You know the drill. It’s a steamy July morning, and you’re headed out for the day. You open up your go-to weather app to find out if you need to lug your umbrella around. The forecast says, “Sunny with a 30 percent chance of thunderstorms.” What does that mean, exactly? If you choose not to bring your umbrella, you have a one in three chance you’ll get drenched darting from your car back to the office after lunch? You may not like those odds. Better bring the umbrella, just in case.

It turns out the business of predicting the weather is not quite as precise as you might like. WRAL-TV Chief Meteorologist Greg Fishel is a self-described “weather geek” who says he could stare at weather models all day if he didn't have to go on camera at 6 o’clock and tell us what the weekend forecast is shaping up to be while we’re cooking dinner. But even with weather models and prediction tools that improve all the time (think hurricane tracking 20 years ago versus the hour-by-hour directional models of today), there are limitations.
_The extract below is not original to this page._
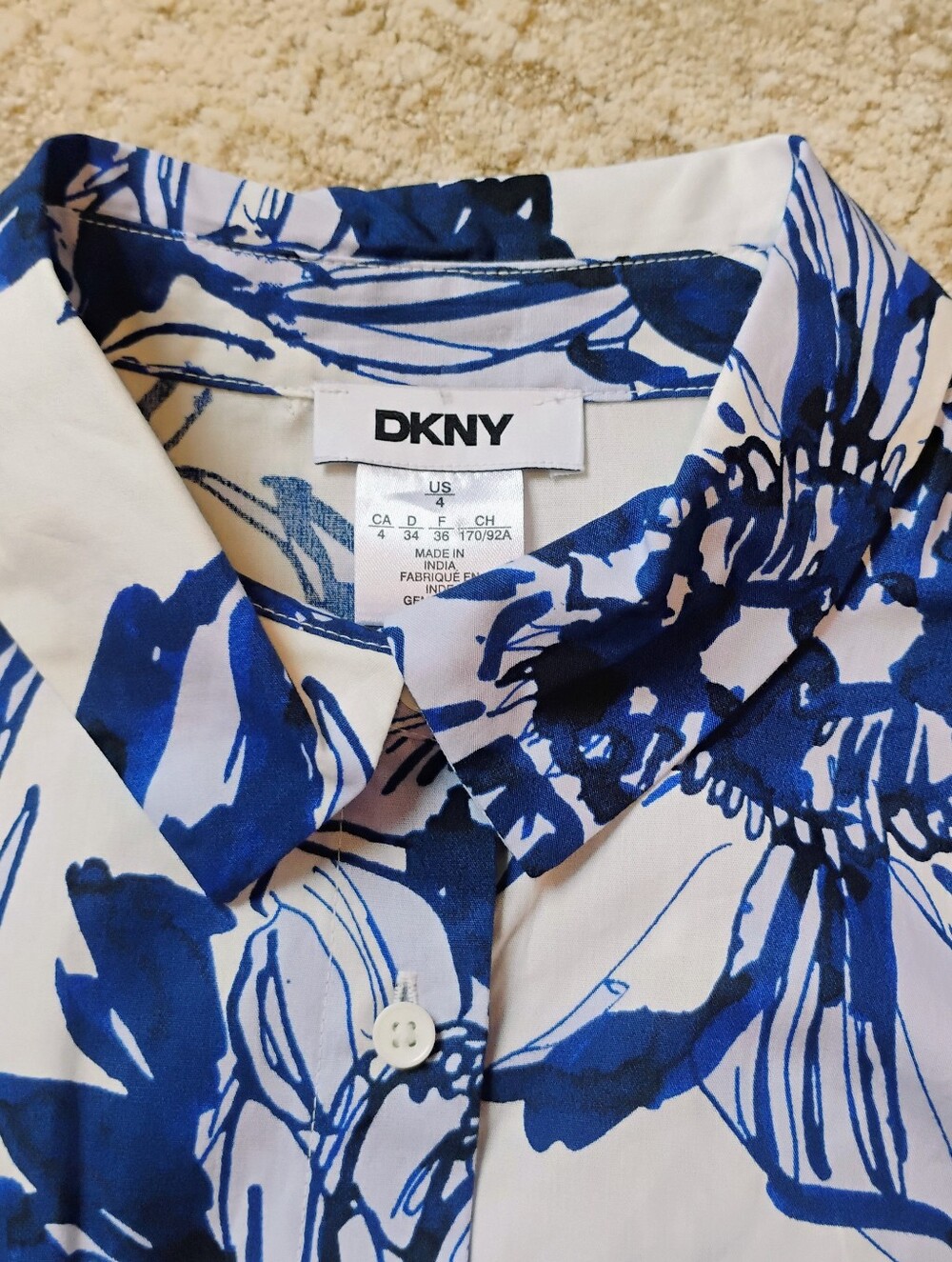 NWT 4 DKNY Blue And White Abstract Floral Short Sleeve Midi Shirt Dress NEW - Picture 3 of 10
While meteorologists are using calculus combined with historical data to make predictions on the weather, Fishel said the analysis will never be perfect. He pointed to problems such as:

  • An insufficient number of weather stations around the world.
  • Computers that can’t do calculus.
  • Atmospheric processes that are poorly understood (for example, meteorologists can forecast the directional path of hurricanes but have a harder time understanding and predicting hurricane intensity).

In an industry where TV consultants are advising local stations to cut back on the weather segment and keep it simple, Fishel said he and his peers need to be honest with people about what they know and what they don’t know and tell them why. And that’s complicated.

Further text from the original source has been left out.